#### [TASK TO COMPLETE]
Output a faithful copy of the entries, every picture removed.
== Segment start ==
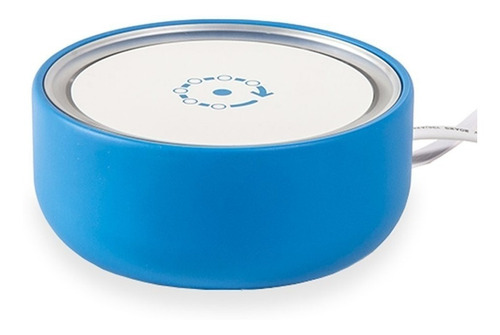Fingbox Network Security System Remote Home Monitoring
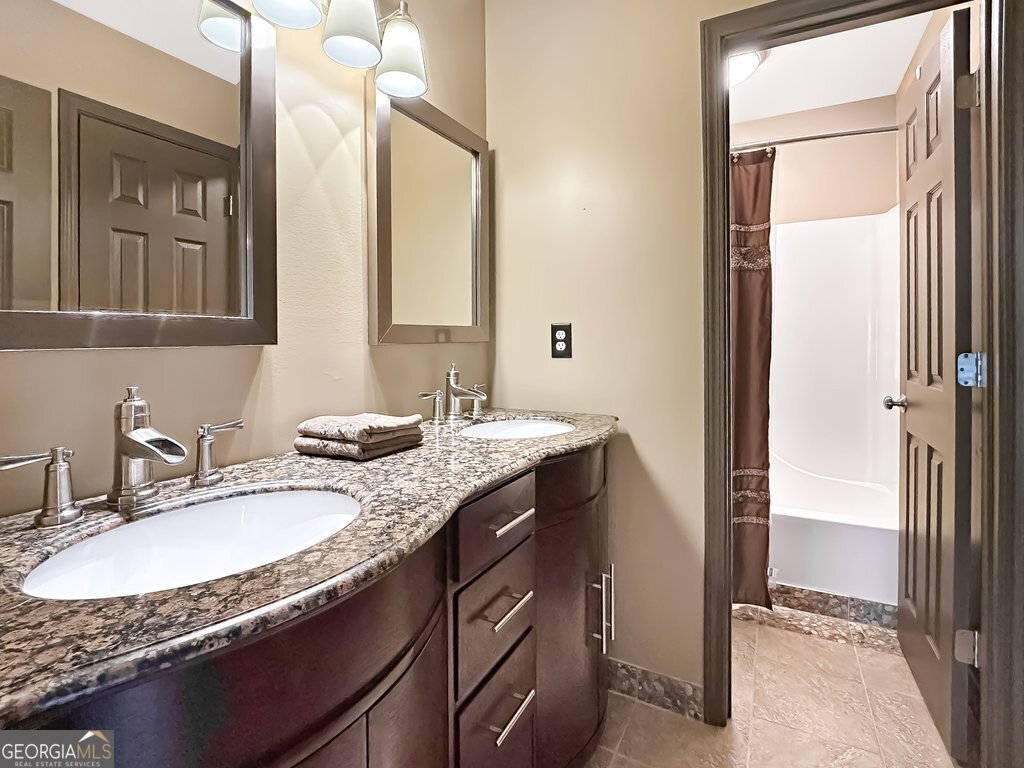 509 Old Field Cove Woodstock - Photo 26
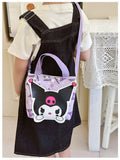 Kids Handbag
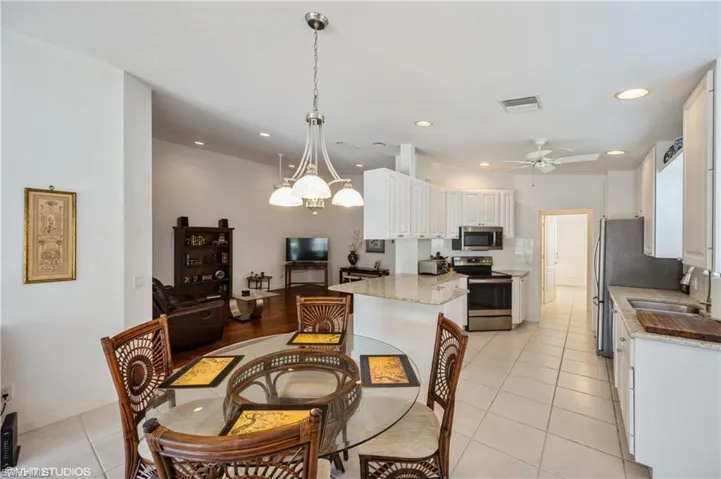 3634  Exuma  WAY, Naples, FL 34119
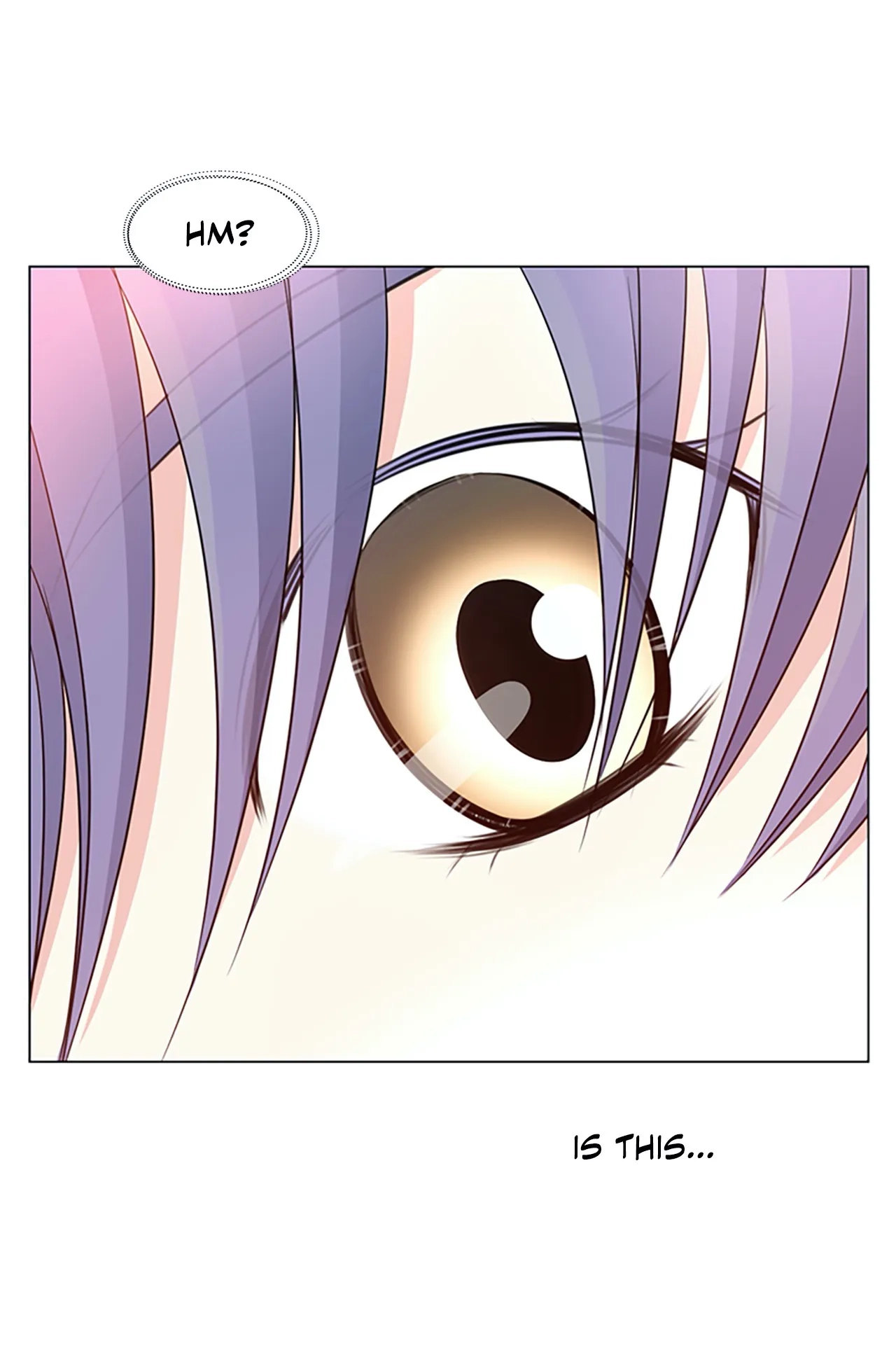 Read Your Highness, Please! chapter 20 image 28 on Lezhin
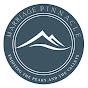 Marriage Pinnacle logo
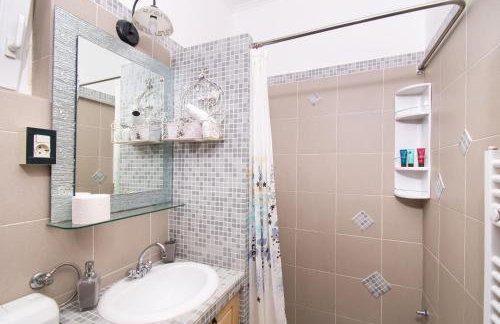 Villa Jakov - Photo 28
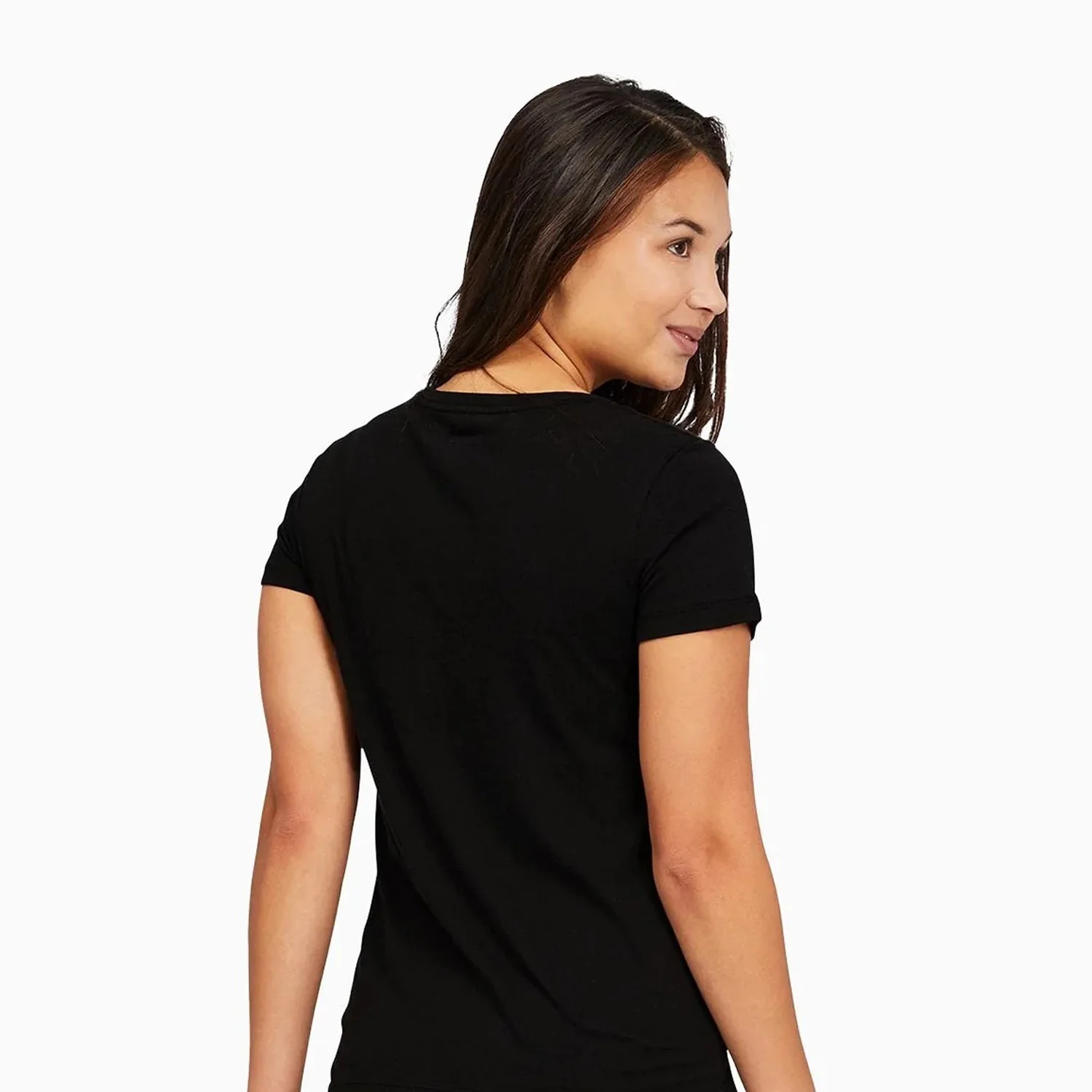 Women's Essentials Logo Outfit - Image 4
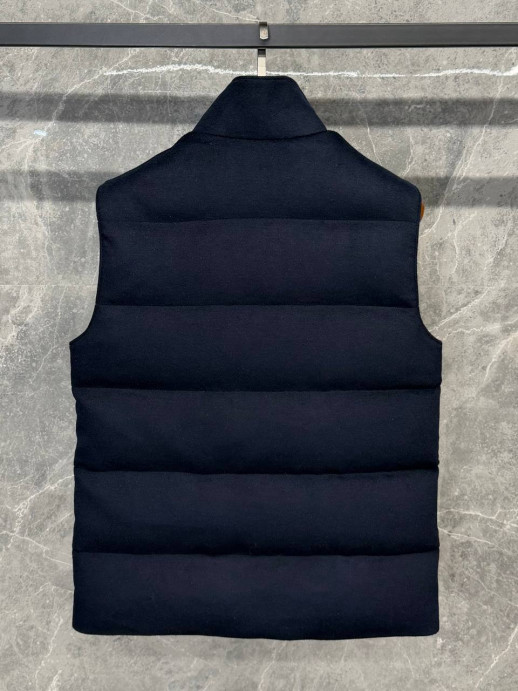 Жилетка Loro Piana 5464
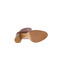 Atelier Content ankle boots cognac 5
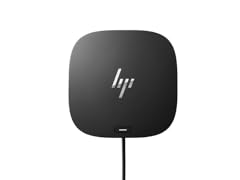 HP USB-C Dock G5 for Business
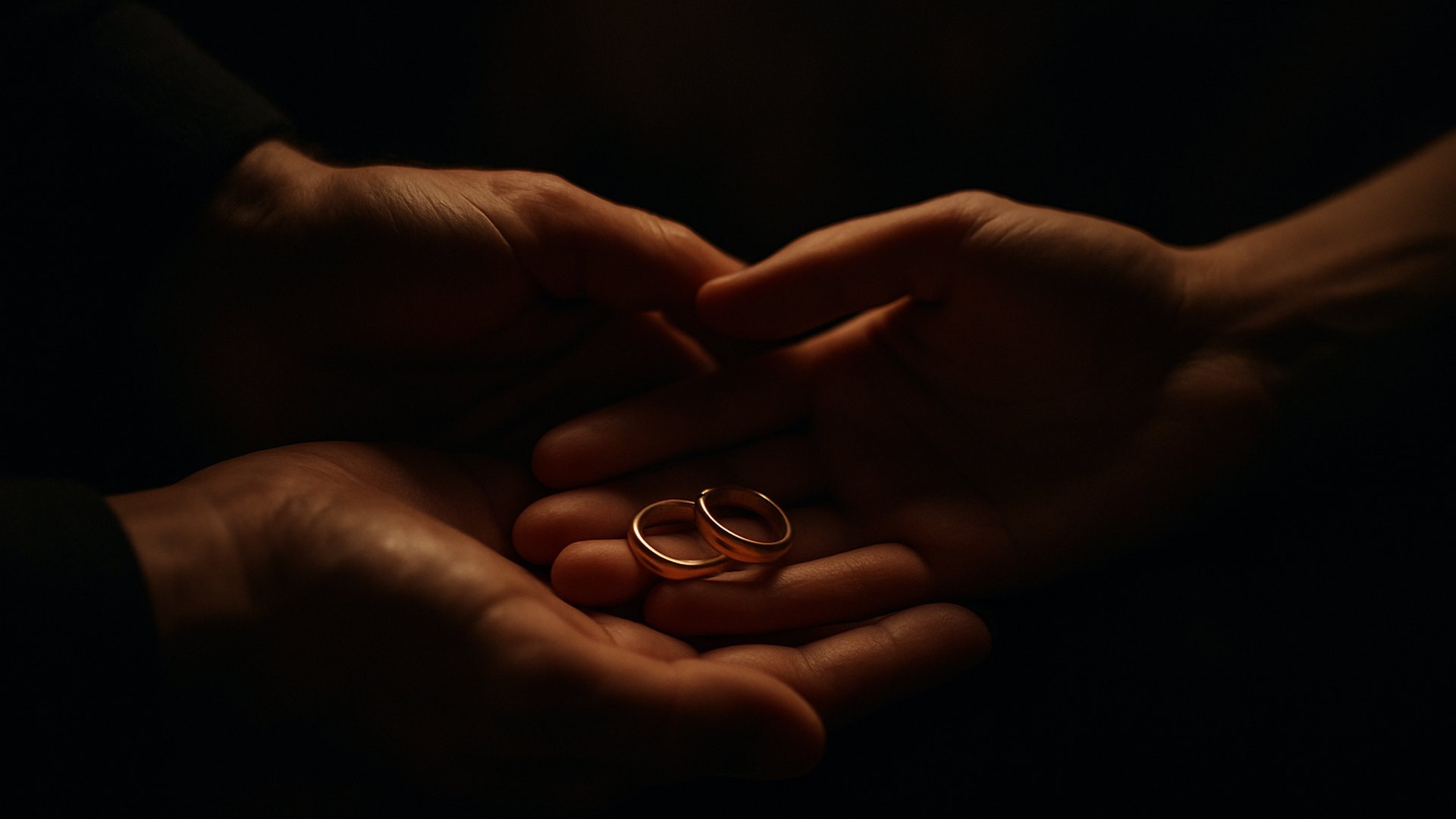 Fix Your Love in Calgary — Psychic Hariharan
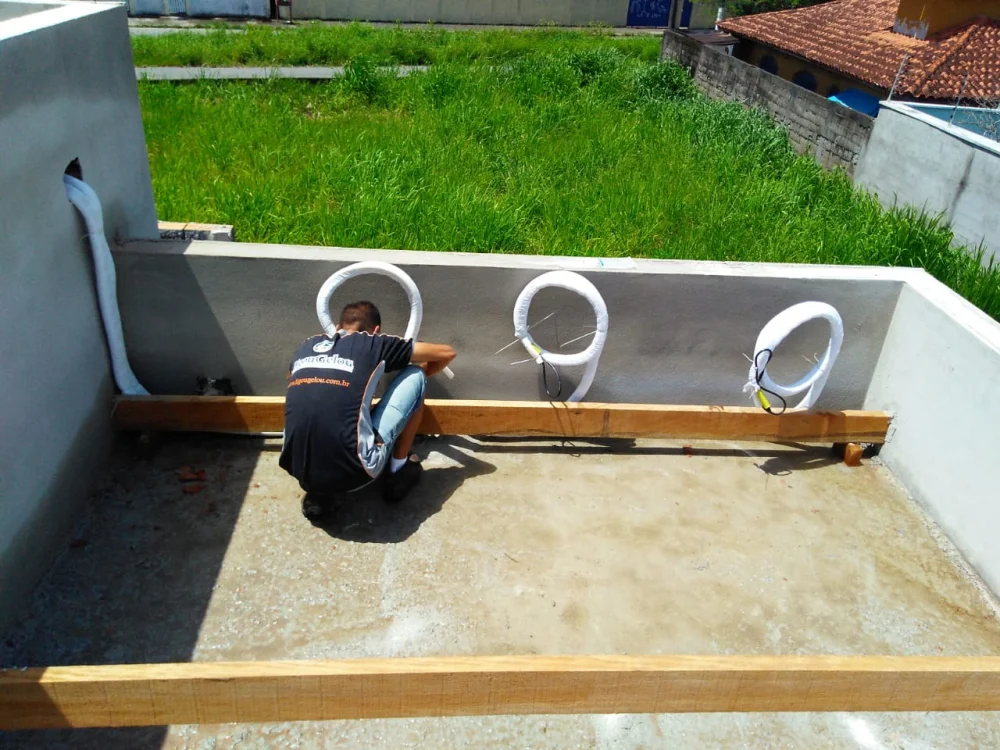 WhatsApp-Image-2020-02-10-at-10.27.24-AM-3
== Segment end ==
#### [OUTPUT FOR THIS TASK]
Fingbox Network Security System Remote Home Monitoring
 509 Old Field Cove Woodstock - Photo 26
 Kids Handbag
 3634  Exuma  WAY, Naples, FL 34119
 Read Your Highness, Please! chapter 20 image 28 on Lezhin
 Marriage Pinnacle logo
 Villa Jakov - Photo 28
 Women's Essentials Logo Outfit - Image 4
 Жилетка Loro Piana 5464
 Atelier Content ankle boots cognac 5
 HP USB-C Dock G5 for Business
 Fix Your Love in Calgary — Psychic Hariharan
 WhatsApp-Image-2020-02-10-at-10.27.24-AM-3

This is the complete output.